START Available data
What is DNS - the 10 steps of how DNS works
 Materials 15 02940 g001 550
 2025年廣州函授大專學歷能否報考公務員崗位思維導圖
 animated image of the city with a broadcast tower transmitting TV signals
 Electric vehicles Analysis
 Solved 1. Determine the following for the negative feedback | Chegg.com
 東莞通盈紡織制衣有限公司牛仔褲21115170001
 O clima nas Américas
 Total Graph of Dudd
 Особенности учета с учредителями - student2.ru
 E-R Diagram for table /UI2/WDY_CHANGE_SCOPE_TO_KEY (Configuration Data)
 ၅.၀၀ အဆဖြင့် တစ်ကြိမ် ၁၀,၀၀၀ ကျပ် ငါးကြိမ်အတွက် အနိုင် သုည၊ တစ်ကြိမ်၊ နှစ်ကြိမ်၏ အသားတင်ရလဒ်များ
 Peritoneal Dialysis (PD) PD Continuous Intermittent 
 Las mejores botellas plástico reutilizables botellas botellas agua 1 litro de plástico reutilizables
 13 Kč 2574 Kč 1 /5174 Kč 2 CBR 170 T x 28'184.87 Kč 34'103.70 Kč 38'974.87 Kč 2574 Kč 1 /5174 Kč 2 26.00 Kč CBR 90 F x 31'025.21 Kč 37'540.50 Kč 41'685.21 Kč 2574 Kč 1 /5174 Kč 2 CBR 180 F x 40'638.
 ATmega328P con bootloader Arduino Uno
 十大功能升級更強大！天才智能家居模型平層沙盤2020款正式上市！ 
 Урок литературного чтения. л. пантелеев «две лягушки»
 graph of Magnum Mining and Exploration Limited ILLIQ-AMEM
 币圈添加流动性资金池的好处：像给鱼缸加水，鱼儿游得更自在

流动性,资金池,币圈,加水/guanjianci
END Available data
#### Brief:
Take the entries above and return only the lines from the one with "animated image of" to the one with "Особенности учета с", both included, unchanged.

#### The answer:
 animated image of the city with a broadcast tower transmitting TV signals
 Electric vehicles Analysis
 Solved 1. Determine the following for the negative feedback | Chegg.com
 東莞通盈紡織制衣有限公司牛仔褲21115170001
 O clima nas Américas
 Total Graph of Dudd
 Особенности учета с учредителями - student2.ru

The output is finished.